Ho99o9 shook the room with ‘Protect My Bitch’ and Upside Down’. They delivered a 11-song set of punk songs which was part rave and part riot as the mosh pit went off. There were injections of EDM with The Cordettes ‘Mr Sandman’ and Frank Sinatra’s ‘I Did It My Way’ which hilariously showed the juxtaposition in musical styles. The moshing and circle pit took off as Eaddy launched himself into the fray. Is it post-irony for one minute having the crowd crashing into each other and then dancing to classic pop songs? Don’t know. But it happened.
The songs ‘Sub-Zero’, ‘Bite My Face’, ‘LA Riots’ were gloriously unhinged in dark-lit chaos. The set ended with rapid fire songs ‘Dope Dealerz’ as Eaddy crowd surfed, ‘Fog’ and ‘Godflesh’ that closed out the set. It was a charged, subversive and intelligent performance. The music Ho99o9 is making is ground breaking and left the crowd wanting more.
As the stage was stripped back to bare. Instruments were put in place and people had time to think about the perfect prelude that Ho99o9 had delivered. The tension and wait for The Dillinger Escape Plan built. The anticipation could have been cut with a knife. The energy built as the red laser lights came up and the images of the album ‘Calculating Infinity’ were displayed behind the drum kit.
The Dillinger Escape Plan played it straight in their 18 song setlist. They let the music and angst do the talking as they delivered a mix of songs including tracks from ‘Calculating Infinity’, with all its complex time signatures, unpredictable rhythms, and intense, high-octane energy lead the way. The band came out onto the stage and a wall of sound hit the crowd with ‘*#?’ and it was like a physical punch.

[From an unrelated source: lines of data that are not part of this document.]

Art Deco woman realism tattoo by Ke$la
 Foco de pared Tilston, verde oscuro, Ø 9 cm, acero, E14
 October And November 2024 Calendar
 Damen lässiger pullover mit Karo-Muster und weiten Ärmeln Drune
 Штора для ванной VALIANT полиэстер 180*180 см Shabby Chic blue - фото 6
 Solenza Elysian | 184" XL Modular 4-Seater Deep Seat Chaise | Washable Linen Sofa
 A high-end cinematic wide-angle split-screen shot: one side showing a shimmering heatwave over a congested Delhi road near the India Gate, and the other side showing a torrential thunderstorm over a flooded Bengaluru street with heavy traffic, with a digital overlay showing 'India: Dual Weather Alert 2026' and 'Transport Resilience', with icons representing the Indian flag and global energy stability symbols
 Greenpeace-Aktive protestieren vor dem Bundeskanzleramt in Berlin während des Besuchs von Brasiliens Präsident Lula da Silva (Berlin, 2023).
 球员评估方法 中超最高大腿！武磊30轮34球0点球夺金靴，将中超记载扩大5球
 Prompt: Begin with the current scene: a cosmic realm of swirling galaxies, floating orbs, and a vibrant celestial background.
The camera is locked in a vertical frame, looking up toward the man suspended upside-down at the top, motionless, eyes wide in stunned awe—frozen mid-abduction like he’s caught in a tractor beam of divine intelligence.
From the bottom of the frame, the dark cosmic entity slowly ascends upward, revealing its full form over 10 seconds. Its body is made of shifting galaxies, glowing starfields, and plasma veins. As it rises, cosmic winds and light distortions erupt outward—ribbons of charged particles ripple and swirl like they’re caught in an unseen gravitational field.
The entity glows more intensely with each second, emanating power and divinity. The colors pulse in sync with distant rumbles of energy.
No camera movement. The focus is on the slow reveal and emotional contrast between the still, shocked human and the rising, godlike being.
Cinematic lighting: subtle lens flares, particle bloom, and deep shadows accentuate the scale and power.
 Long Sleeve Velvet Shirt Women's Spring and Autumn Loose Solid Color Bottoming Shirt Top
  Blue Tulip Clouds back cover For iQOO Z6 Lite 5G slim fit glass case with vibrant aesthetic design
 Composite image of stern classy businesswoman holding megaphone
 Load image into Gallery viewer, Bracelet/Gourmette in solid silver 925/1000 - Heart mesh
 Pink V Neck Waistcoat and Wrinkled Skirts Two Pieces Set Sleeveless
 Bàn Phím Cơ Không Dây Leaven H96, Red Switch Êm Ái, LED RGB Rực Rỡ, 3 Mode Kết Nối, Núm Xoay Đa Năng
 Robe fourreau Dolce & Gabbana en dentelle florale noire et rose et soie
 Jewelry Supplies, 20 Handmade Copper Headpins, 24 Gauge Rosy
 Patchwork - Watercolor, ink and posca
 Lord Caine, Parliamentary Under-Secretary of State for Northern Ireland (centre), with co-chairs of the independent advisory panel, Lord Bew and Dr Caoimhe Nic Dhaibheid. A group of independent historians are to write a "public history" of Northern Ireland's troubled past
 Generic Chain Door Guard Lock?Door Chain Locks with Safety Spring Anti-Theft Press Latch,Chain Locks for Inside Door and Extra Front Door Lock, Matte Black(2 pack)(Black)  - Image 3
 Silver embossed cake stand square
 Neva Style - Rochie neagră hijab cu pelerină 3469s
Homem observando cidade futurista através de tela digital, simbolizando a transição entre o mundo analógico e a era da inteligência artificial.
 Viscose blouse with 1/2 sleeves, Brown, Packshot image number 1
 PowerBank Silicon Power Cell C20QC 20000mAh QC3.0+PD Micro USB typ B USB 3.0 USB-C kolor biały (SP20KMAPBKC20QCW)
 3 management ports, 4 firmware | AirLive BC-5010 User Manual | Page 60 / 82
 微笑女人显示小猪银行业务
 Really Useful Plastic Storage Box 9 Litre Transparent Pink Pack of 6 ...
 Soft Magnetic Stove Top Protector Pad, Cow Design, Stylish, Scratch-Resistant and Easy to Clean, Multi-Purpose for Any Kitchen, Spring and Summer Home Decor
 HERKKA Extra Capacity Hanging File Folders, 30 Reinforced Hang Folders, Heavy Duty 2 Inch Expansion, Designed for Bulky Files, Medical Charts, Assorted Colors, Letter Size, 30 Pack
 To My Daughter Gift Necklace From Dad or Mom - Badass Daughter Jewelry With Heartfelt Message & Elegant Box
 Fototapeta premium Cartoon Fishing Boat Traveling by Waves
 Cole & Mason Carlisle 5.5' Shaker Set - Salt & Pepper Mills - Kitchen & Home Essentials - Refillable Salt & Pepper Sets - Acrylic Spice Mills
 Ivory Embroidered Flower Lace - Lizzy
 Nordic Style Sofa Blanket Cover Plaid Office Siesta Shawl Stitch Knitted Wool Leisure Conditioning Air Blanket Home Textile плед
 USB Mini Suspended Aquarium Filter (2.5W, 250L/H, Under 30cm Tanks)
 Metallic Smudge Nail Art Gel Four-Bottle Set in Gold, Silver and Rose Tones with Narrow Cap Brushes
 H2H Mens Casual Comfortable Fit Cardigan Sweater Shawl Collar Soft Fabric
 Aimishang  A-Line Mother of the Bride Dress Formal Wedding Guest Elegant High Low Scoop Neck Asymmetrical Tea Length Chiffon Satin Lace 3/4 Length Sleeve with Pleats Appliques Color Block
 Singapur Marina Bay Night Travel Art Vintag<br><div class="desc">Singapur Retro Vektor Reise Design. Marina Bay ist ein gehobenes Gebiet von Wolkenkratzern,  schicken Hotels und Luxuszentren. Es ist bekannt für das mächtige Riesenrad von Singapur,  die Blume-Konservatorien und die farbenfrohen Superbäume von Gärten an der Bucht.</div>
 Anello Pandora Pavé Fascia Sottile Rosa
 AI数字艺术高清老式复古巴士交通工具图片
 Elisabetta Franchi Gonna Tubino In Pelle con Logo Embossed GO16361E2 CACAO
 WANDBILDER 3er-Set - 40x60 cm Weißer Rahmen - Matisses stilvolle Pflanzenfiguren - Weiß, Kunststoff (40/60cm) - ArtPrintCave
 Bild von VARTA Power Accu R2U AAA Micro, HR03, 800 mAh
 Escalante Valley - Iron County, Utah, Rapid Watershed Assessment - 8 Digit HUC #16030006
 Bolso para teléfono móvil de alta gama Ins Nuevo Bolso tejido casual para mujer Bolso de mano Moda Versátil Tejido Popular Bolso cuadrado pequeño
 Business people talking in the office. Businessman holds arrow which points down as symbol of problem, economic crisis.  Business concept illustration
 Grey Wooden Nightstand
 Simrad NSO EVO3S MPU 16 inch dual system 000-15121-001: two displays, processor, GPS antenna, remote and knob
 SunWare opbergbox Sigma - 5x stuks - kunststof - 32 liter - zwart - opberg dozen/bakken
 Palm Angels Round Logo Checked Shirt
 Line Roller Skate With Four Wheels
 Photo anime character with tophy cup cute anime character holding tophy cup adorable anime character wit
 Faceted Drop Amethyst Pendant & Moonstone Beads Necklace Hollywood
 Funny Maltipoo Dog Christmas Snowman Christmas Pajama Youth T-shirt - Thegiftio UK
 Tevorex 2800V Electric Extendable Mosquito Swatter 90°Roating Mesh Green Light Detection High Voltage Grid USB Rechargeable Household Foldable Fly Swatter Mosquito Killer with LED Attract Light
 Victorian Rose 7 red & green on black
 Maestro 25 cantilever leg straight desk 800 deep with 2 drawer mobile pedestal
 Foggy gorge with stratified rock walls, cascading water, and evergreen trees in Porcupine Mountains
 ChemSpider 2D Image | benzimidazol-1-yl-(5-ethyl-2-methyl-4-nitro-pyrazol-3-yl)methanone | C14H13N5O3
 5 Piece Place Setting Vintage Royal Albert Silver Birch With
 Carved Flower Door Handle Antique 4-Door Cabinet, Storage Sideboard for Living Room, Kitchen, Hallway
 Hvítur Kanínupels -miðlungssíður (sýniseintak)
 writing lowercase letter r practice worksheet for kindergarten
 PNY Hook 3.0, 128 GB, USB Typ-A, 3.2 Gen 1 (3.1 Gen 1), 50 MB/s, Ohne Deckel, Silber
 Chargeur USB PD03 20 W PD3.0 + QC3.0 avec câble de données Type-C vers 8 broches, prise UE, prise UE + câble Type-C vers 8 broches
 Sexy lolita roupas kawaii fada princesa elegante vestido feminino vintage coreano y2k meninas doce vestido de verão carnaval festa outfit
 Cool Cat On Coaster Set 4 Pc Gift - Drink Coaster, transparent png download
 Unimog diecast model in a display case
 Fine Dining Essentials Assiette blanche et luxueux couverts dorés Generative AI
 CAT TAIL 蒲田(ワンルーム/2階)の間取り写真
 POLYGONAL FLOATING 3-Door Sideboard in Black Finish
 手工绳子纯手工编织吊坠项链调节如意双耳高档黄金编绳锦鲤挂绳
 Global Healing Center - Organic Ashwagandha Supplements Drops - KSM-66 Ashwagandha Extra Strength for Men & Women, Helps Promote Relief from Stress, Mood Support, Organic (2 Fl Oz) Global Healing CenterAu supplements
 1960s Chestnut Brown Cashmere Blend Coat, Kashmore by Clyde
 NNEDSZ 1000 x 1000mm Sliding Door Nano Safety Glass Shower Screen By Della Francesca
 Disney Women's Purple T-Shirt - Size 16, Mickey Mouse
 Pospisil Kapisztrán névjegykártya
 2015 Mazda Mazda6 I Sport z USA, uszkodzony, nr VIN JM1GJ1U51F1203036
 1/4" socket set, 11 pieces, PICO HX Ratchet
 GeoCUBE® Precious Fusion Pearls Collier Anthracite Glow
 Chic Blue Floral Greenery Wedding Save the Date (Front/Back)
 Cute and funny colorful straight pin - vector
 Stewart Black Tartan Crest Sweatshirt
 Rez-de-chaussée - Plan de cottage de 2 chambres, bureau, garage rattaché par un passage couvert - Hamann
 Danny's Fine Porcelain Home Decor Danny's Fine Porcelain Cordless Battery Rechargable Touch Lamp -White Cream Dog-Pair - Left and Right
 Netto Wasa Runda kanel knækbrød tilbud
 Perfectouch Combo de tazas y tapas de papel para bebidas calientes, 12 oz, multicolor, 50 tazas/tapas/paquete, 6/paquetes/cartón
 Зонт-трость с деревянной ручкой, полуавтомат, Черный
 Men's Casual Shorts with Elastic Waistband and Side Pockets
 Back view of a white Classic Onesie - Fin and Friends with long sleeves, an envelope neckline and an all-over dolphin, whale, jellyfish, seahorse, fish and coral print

The Dillinger Escape Plan did not have any gimmicks, no sentimental speeches just a “happy to be back in Australia and Brisbane”, it was what you saw - was what you got. As the band whipped up the crowd with a bit of crowd surfing, getting down on the floor in the circle pit and singing, and climbing the stairs to sing down at them. It was pure, controlled chaos. It was slightly unhinged, highly animated and very loud music as the songs ‘Sugar Coated Sour’, ‘The Running Board’ and ‘The Mullet Burden’ when Ho99o9 joined the band on stage to sing. The songs were delivered at rapid fire pace.
Dimitri Minakakis was back at the helm of the band for the first time in over two decades. The band was on fire from the start, the music was angular and addictively aggressive. Dimitri Minakakis’s voice was unrelenting on ‘Clip The Apex - Accept Instruction’, ‘Prodigy’, ‘Don’t Dream’ and ‘Calculating Infinity’ as it sounded like the force that only two decades of absence can deliver.
Watching Ben Weinman manage to somehow play mathematically impossible guitar riffs while spinning like a top, charging across the stage, jumping off the risers and crowd surfing was insane. The drummer Billy Rymer was the calm and control in the middle of The Dillinger Escape Plan sonic storm. The songs ‘Destros Secret’, ‘Sandbox Magician’, ‘4th Grade Dropout’, ‘Abe the Cop’ and ‘Weekend Sex Change’ were played fast and in a sonic blur as Liam Wilson and James Love drove home the rhythms.
The last four tracks were ‘Variations On A Cocktail Dress’, ‘Monticello’, ‘Jim Fear’, the cover of the Aphex Twin song ‘Come To Daddy’ and as the band said “Goodnight” and ended the tour they closed the set with ‘43% Burnt’. The Dillinger Escape Plan went out with a bang!
Ho99o9 and The Dillinger Escape Plan delivered utterly compelling sets. The crowd were alive to a new vision of music: a place where music is dark, risky and wonderfully alive.